Le talent a précédé la génération qui s’est exhibée aux Césars 2020, et il leur fait cruellement défaut. Alors que Truffaut reste adulé au Japon, les rétrospectives de Pialat s’étalent sur plusieurs jours à Los Angeles. Godard, Rohmer et Audiard ont été récompensés dans toute l’Europe. Que dire de l’oeuvre de Roman Polanski, dont le talent éclipse en une scène les kilomètres de pellicule des Foresti, Jamel and co ? Or, depuis 2013 et le prix décerné à Michael Haneke (Amour, production franco-autrichienne avec Jean-Louis Trintignant, Emmanuelle Riva et Isabelle Huppert), Hollywood boude nos créations. La caméra victimaire de Ladj Ly – rentré bredouille de Californie – n’aura, malgré l’immense soutien médiatique, pas su vaincre le mauvais sort.

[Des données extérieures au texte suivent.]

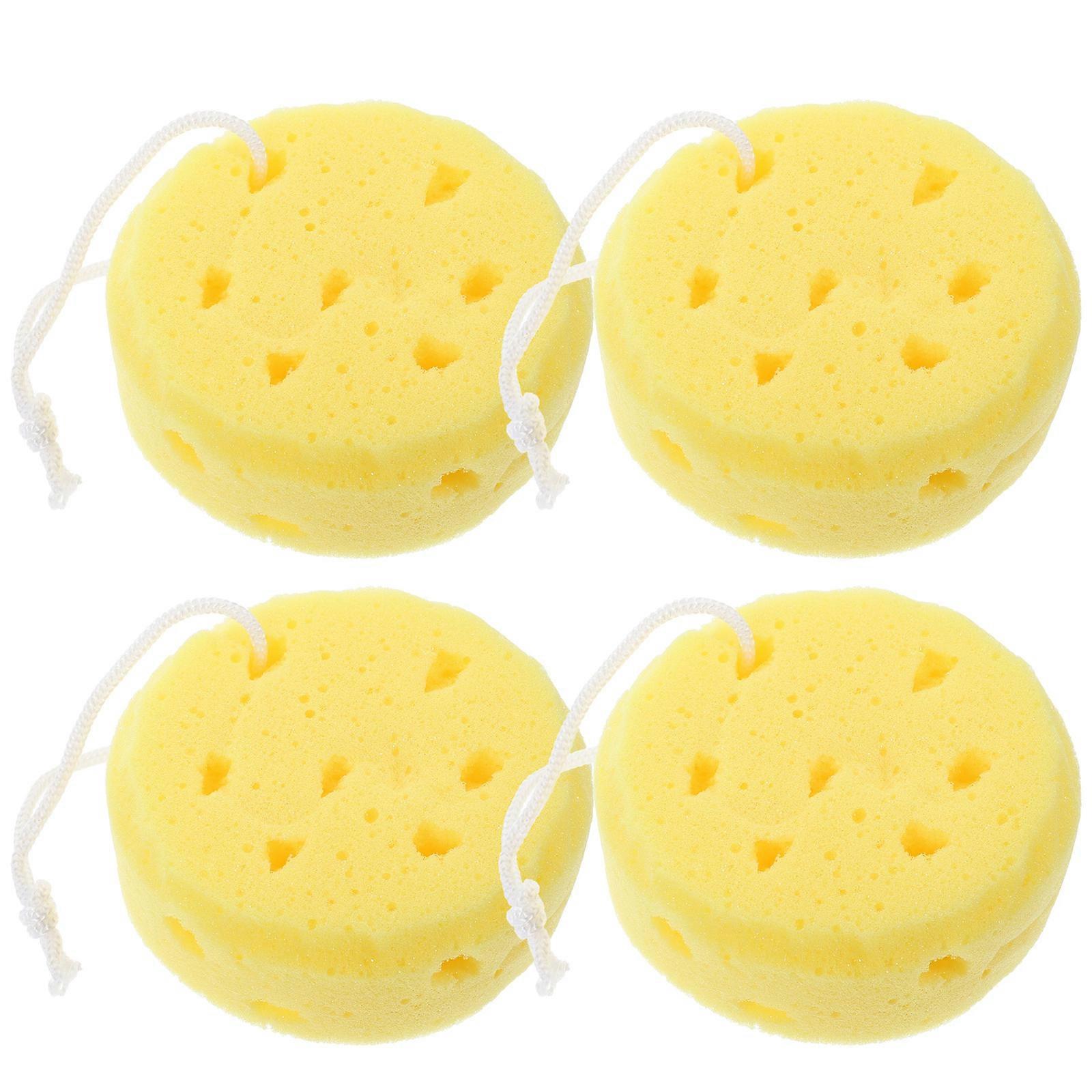 Éponge de douche jaune pour le corps, ensemble de 4 pièces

Le cinéma français excelle néanmoins dans trois domaines : le népotisme, la morale, et l’obtention de subventions publiques.
Sous perfusion du CNC (Centre national du cinéma et de l’image animée), dont le budget est constitué à 82% de taxes – considérées juridiquement comme des aides d’État –, nos pépites cinématographiques peuvent prendre forme. Ainsi, en 2018 ces prélèvements représentaient 671 millions d’euros, sur un budget de 813 millions. Tout le monde met la main à la pâte : spectateur quand il achète un billet, opérateurs télécoms, éditeurs, chaînes de télévision. À plusieurs reprises, Bruxelles a jugé illégale cette aide.